# Exercise directions
Pictures stay out of the copy. Repeat exactly the lines from the first entry below through the line that contains "icons Vector Seamless", and nothing beyond.
(Records to process)
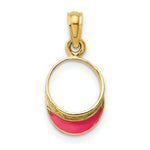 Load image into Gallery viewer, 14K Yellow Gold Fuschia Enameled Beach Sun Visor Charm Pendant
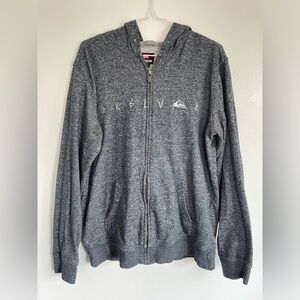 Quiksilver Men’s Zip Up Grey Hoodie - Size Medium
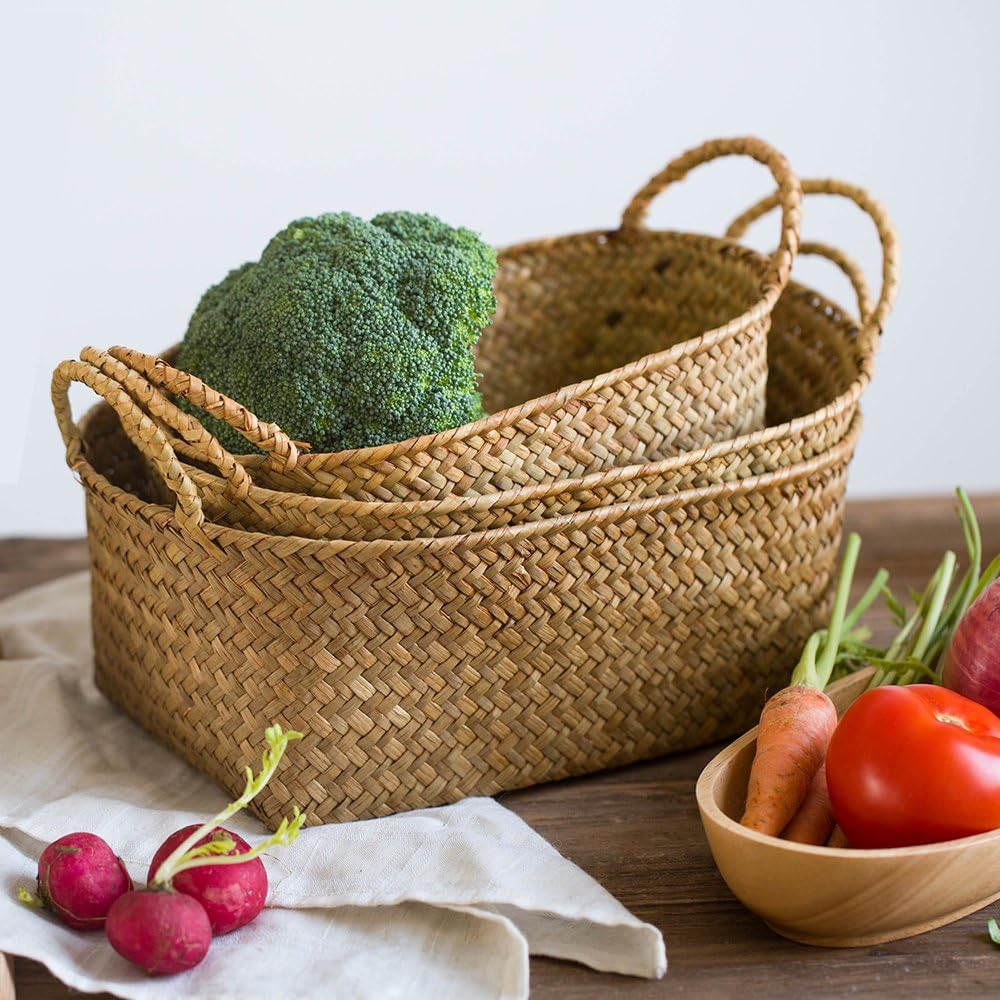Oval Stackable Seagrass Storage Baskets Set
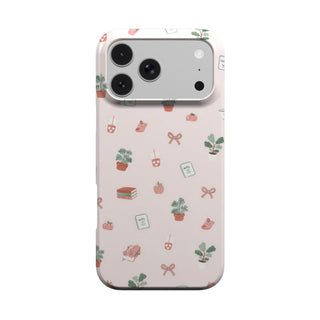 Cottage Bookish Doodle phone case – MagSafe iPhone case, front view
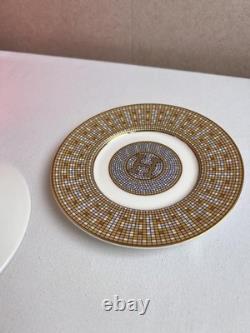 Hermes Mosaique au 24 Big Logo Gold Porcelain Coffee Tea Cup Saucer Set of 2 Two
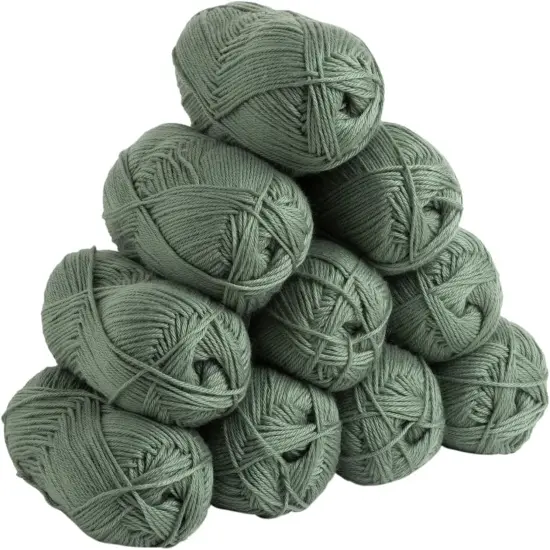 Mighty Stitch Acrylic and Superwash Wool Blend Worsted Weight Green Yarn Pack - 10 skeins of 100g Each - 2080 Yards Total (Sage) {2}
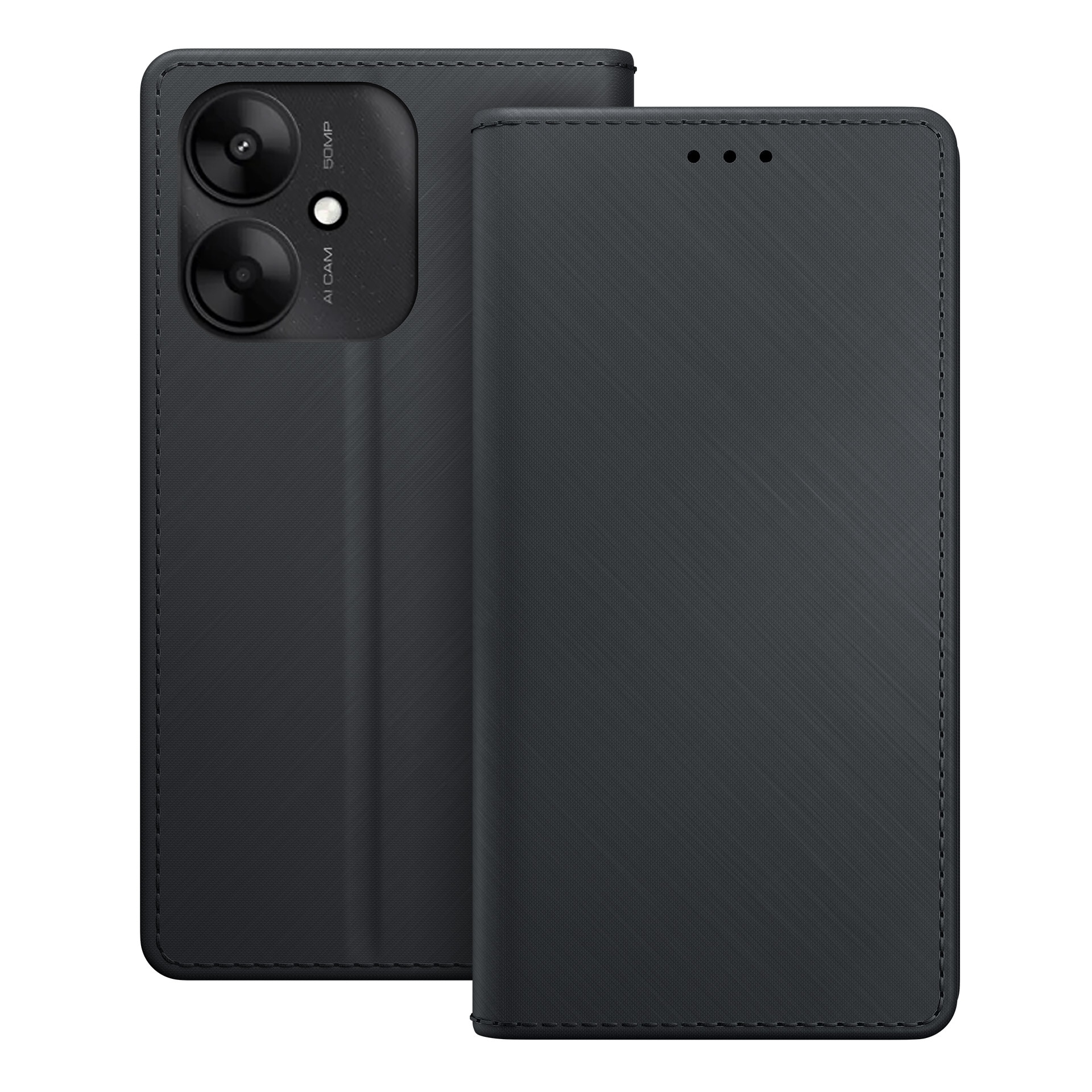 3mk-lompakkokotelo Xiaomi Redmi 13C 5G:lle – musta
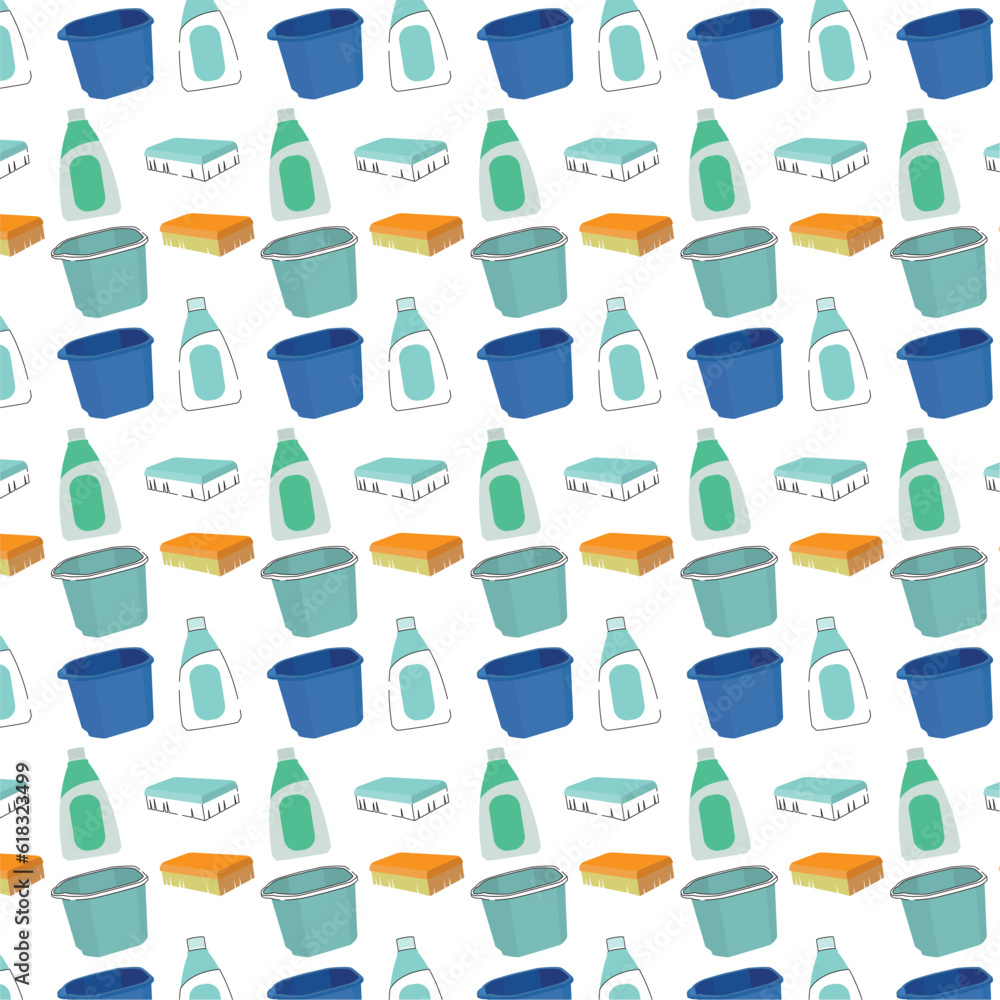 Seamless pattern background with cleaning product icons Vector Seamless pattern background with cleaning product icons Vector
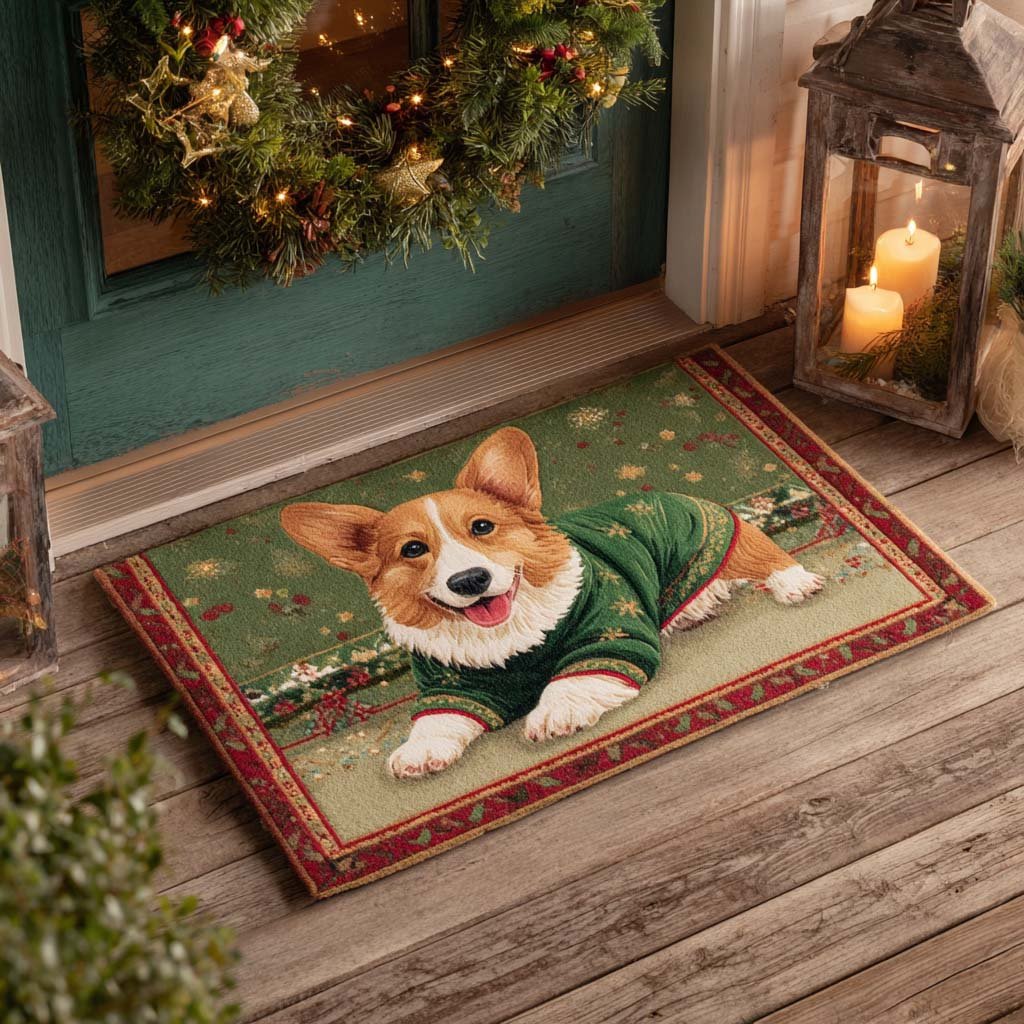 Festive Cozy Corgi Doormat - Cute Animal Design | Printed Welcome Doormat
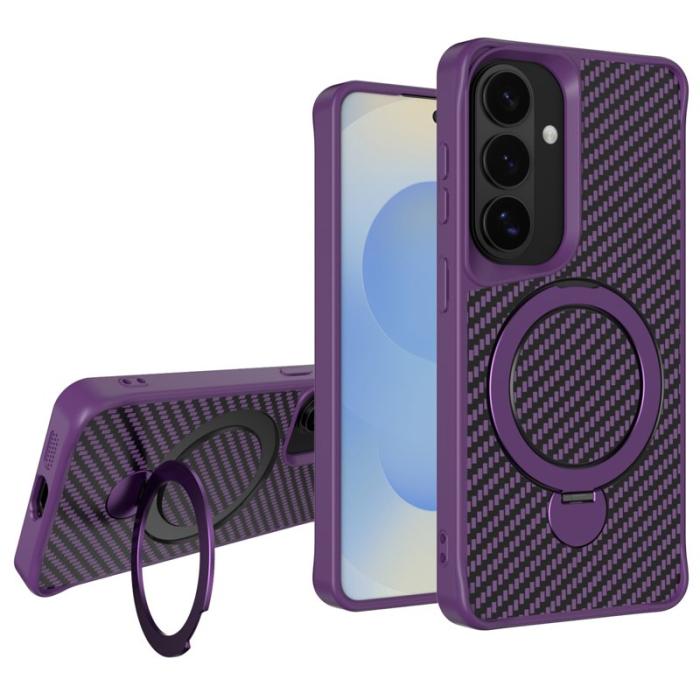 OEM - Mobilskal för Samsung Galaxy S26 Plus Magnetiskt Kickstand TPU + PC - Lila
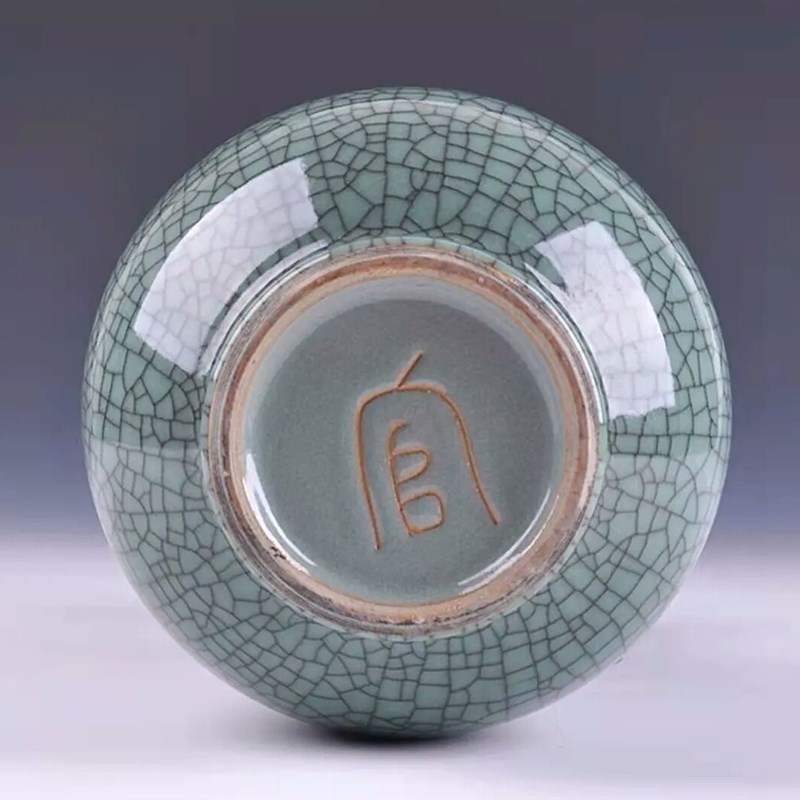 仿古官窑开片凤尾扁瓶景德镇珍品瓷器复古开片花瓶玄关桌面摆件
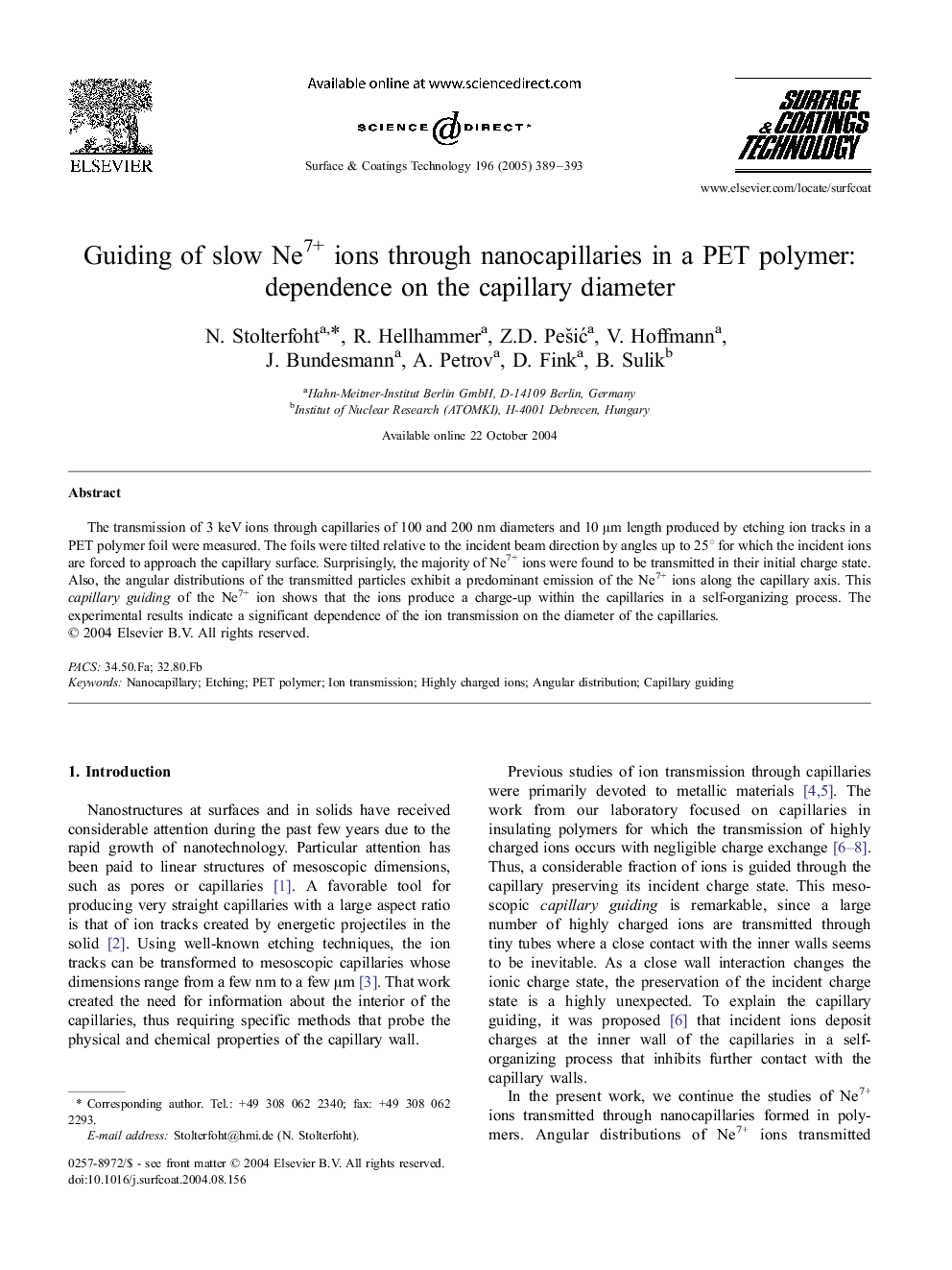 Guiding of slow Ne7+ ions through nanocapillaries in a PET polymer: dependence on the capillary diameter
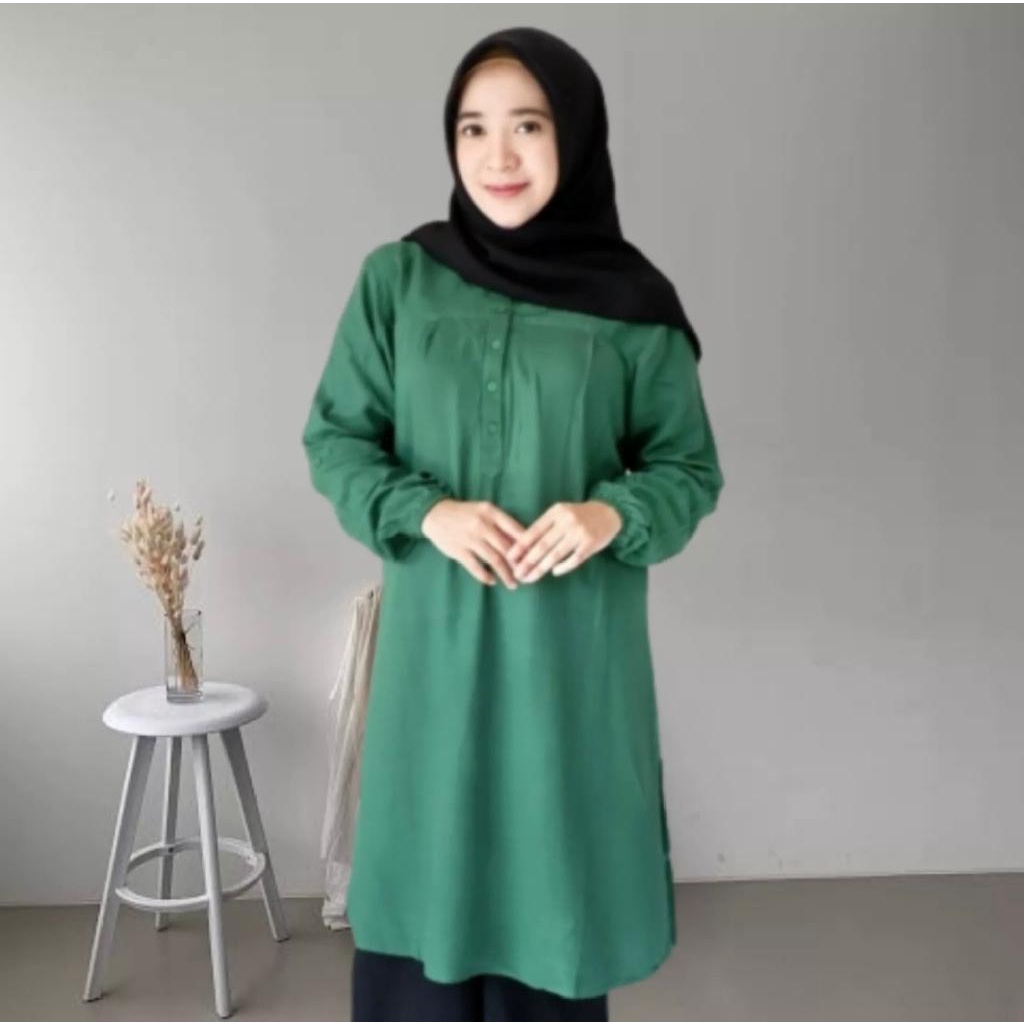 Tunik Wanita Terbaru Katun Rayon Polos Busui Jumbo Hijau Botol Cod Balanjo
(End Records to process)
# Task output
 Load image into Gallery viewer, 14K Yellow Gold Fuschia Enameled Beach Sun Visor Charm Pendant
 Quiksilver Men’s Zip Up Grey Hoodie - Size Medium
Oval Stackable Seagrass Storage Baskets Set
 Cottage Bookish Doodle phone case – MagSafe iPhone case, front view
 Hermes Mosaique au 24 Big Logo Gold Porcelain Coffee Tea Cup Saucer Set of 2 Two
 Mighty Stitch Acrylic and Superwash Wool Blend Worsted Weight Green Yarn Pack - 10 skeins of 100g Each - 2080 Yards Total (Sage) {2}
 3mk-lompakkokotelo Xiaomi Redmi 13C 5G:lle – musta
 Seamless pattern background with cleaning product icons Vector Seamless pattern background with cleaning product icons Vector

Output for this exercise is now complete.